Common LID Techniques
- Rain Gardens (Do-It-Yourself Example). A garden that takes advantage of rainfall and storm water runoff in its design and plant selection. Two basic types include underdrained and self-contained. Both are designed to improve water quality, reduce runoff volumes and facilitate infiltration of clean water. Water in a rain garden should fully drain within four hours of a one inch rain event.
- Bioretention/Bioswale. Designed to provide an element of water quality control while also allowing quantity control by infiltrating and temporarily storing water runoff. Often used in development sites, the main goal is to minimize, detain and retain post construction runoff uniformly and mimic pre-development hydrology. In a swale design, water is often spread along a shallow lengthy graded ditch to maximize stormwater duration in the swale to allow for greater infiltration and trapping of contaminants and silt.

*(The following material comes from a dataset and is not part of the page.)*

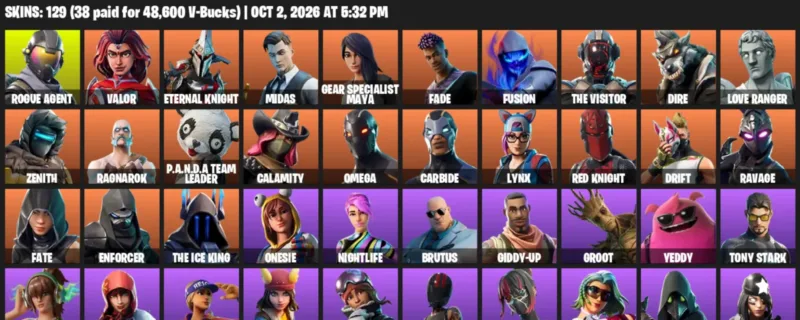 Fortnite account inventory for Rogue Agent - Valor - 120 Outfits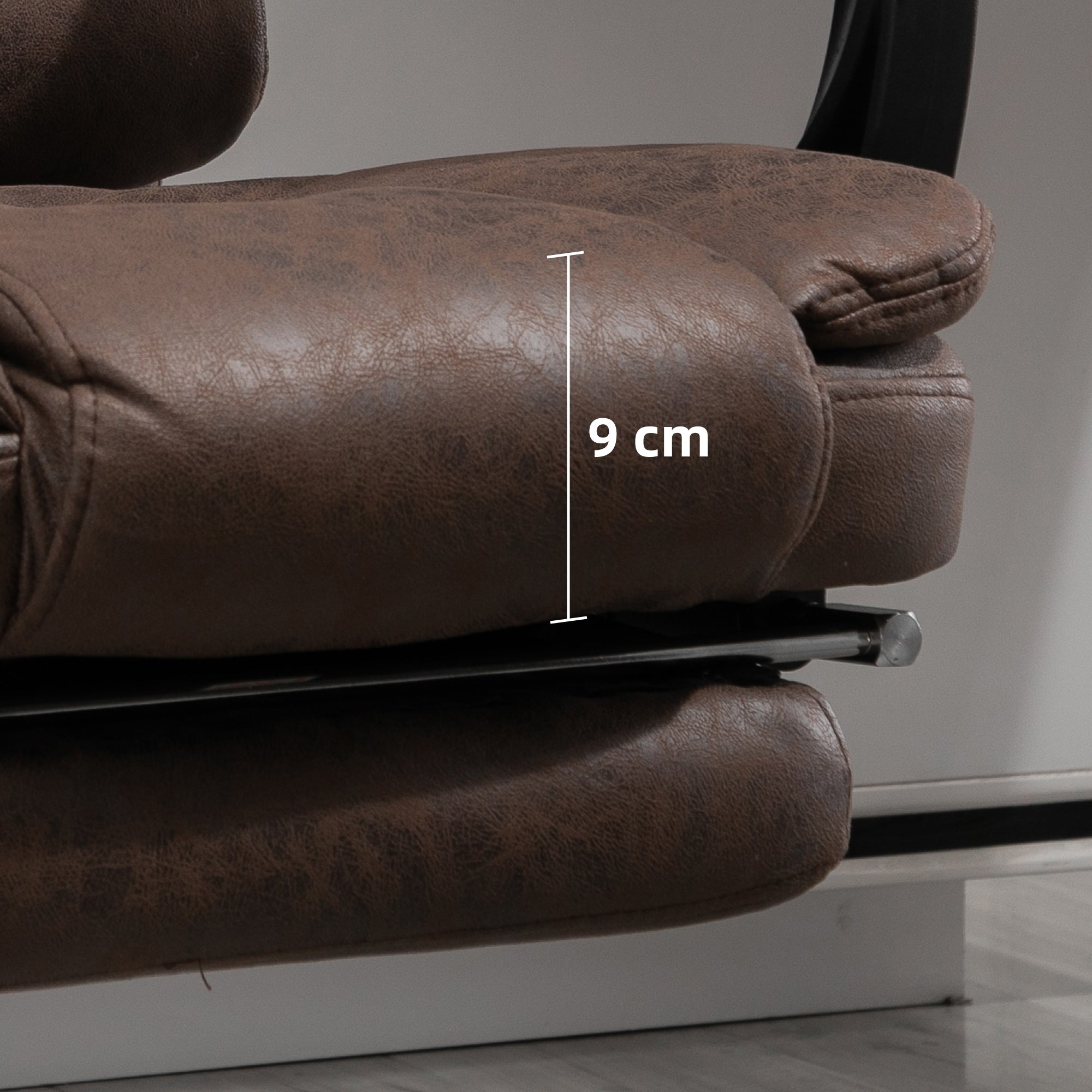 Vinsetto Massage-Bürostuhl, Liege- & Wärmefunktion, drehbar, ergonomisch, bis 120 kg, Braun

- Rain Barrel or Cistern (Do-It-Yourself Example). A waterproof container for holding liquids, built to catch and store rainwater. Distinguished from wells by their waterproof lining; rain barrels are often used to capture rainwater from rooftop gutters. The captured water can be utilized to irrigate the surrounding landscape and reduce stormwater runoff of developed property.
- Vegetated Roof (Green Roof). A roof of a building designed to be partially or completely covered in vegetation. Plant materials are layered over a waterproof membrane and aid in the absorption of rainwater. Green roofs also provide insulation, mitigate a heat island effect in urban areas, provide a pleasing aesthetic and create wildlife habitat.
- Permeable Pavers/Pavement. Specifically designed materials in conjunction with a base and subbase that allow the movement of storm water through the surface. Permeable pavers or pavement designs can reduce runoff, trap suspended solids and filter pollutants. The porous surface may require specific clean out maintenance based on design; but can be utilized for parking areas, sidewalks, paths, lawns, bikelanes and driveways.